Expert offers tips to craft effective enterprise social media strategy

Organizations must assess their enterprise social media strategy to see whether social technology supports their business, says AIIM's Jesse Wilkins.

Editor's note: This is the final article in a two-part series about how to assess an organization's use of enterprise social media and establish a strategy for success. The first part discussed six ways to gather information for a social business assessment.

These days, it's hard to imagine doing business with an organization that doesn't have a website. In fact, if most companies found that a prospective business partner had no Web presence, that prospect would probably be eliminated from the list of contenders.

Information management professionals are eventually going to think the same way about companies and nonprofits that lack a formal enterprise social program, according to Jesse Wilkins, director of research and development at the Association for Information and Image Management (AIIM) in Silver Spring, Md. In other words, it's becoming essential for businesses to have an enterprise social media strategy.

More than three quarters of organizations are using social media, and more than half consider social media technology critical to their success, according to a recent AIIM survey entitled Social Business Systems - success factors for Enterprise 2.0 applications.
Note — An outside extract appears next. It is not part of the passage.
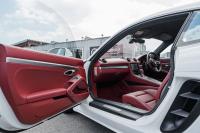 ポルシェ 718 ケイマン GTS ｽﾎﾟｰﾂｸﾛﾉPKG　ﾎﾞﾙﾄﾞｰﾚｯﾄﾞﾚｻﾞｰｲﾝﾃﾘｱ PCMﾅﾋﾞ ｽﾎﾟｴｸﾞ PASM GTｽﾎﾟｰﾂｽﾃｱ TPM ｵｰﾄｴｱｺﾝ ｷｾﾉﾝ 電格ﾐﾗｰ ｶﾚﾗS20ｲﾝﾁAW ﾊﾟｰｸｱｼｽﾄ　2年保証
According to the survey, only 21% of responding organizations make no use of social business applications. Among those companies, about 6% reported that such activities are specifically discouraged. But 38% of respondents are moving to an enterprise-wide strategy, and 18% think social media is something that should be actively used and coordinated throughout the business.

Organizations interested in launching a social media strategy -- whether to enable collaboration within the enterprise or establish more meaningful relationships with customers -- need to begin by examining their current and potential use of social media tools, Wilkins said. The key is to determine whether incorporating enterprise social network (ESN) technology into business processes makes sense and aligns with the company's overall business strategy.

"Social media shouldn't take the place of a lot of existing processes," Wilkins said. "[It] can be very complimentary in support of them."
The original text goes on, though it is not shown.